Des récits, fictifs ou réels, sur les camps de concentration et d'extermination de la Seconde Guerre Mondiale, j'en ai lu un certain nombre. Et, sans aucunement vouloir minimiser l'horreur que ce fût, chaque fois que je m'apprête à lire un nouveau texte, j'ai toujours une petite appréhension. La peur que le récit soit trop dégoulinant de sensibilité et me tire des larmes de force, me faisant culpabiliser si les larmes ne ruissellent pas à la fin de chaque phrase. Et a contrario, la crainte de finir par ne plus ressentir d'émotion quelconque à force de lire ce genre de récit, ou encore d'avoir l'impression de ne plus rien apprendre sur cette période. Alors oui je l'avoue, il m'arrive régulièrement de me demander si ce roman, ce film, ce documentaire sur ces atrocités n'est pas celui de trop, celui qui va me rebattre les oreilles, me ressasser des choses dont j'ai entendu parler maintes et maintes fois, celui qui va me tirer les larmes de force, me faisant culpabiliser si je n'ai pas le visage inondé de larmes à la fin de chaque phrase…
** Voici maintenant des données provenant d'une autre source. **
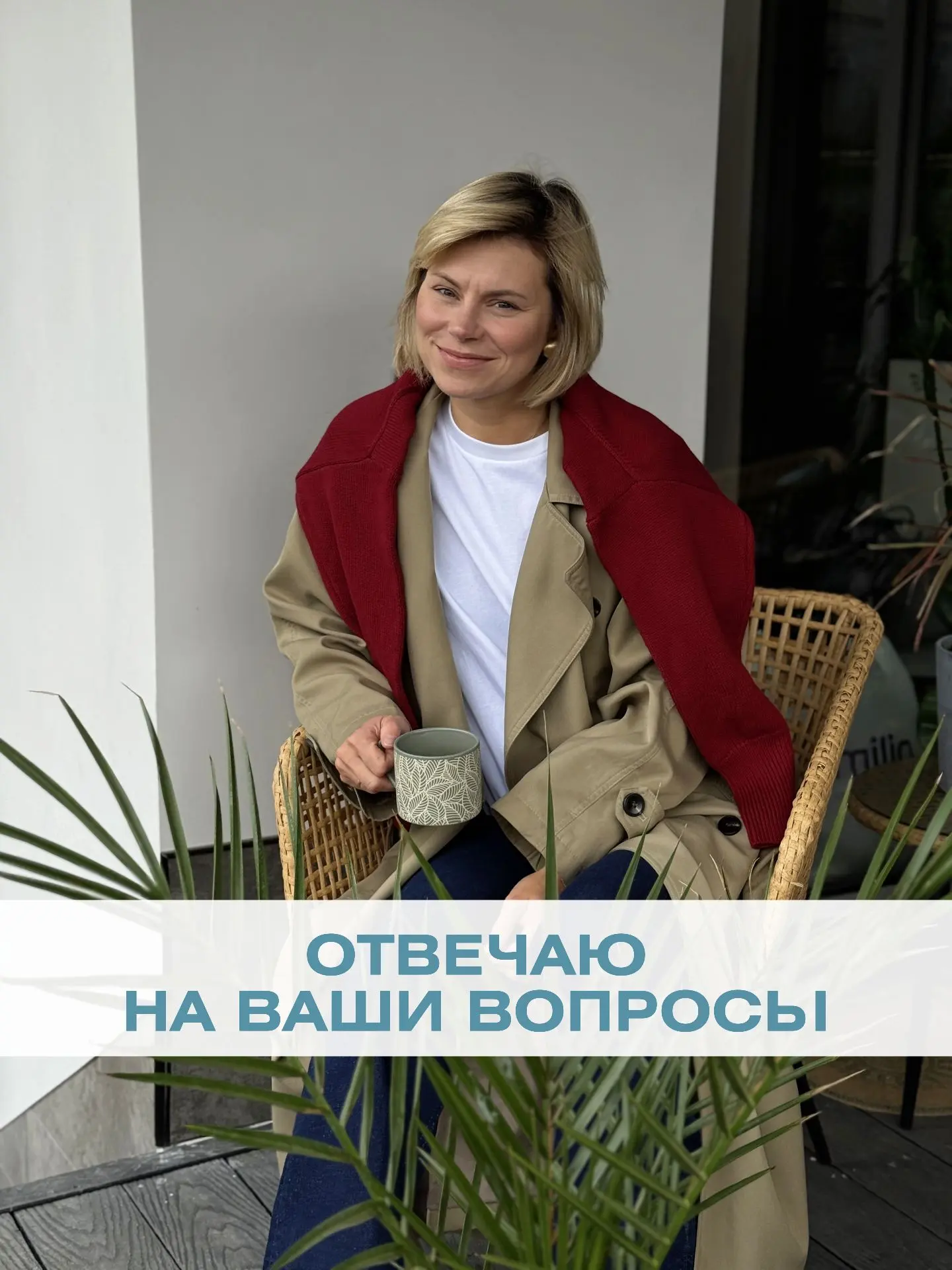 Начало смены: 14 сентября.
Et là, tu te dis que cette fille et folle, qu'elle est carrément sans coeur de seulement penser qu'on puisse en dire trop sur le génocide…
Et puis j'ai lu
Kinderzimmer… et j'ai refermé le livre avec la forte conviction que le roman de trop n'était pas encore écrit, et que le jour où je saurai tout sur cette période n'est pas encore arrivé. Parce que bon sang quelle claque, ce roman !!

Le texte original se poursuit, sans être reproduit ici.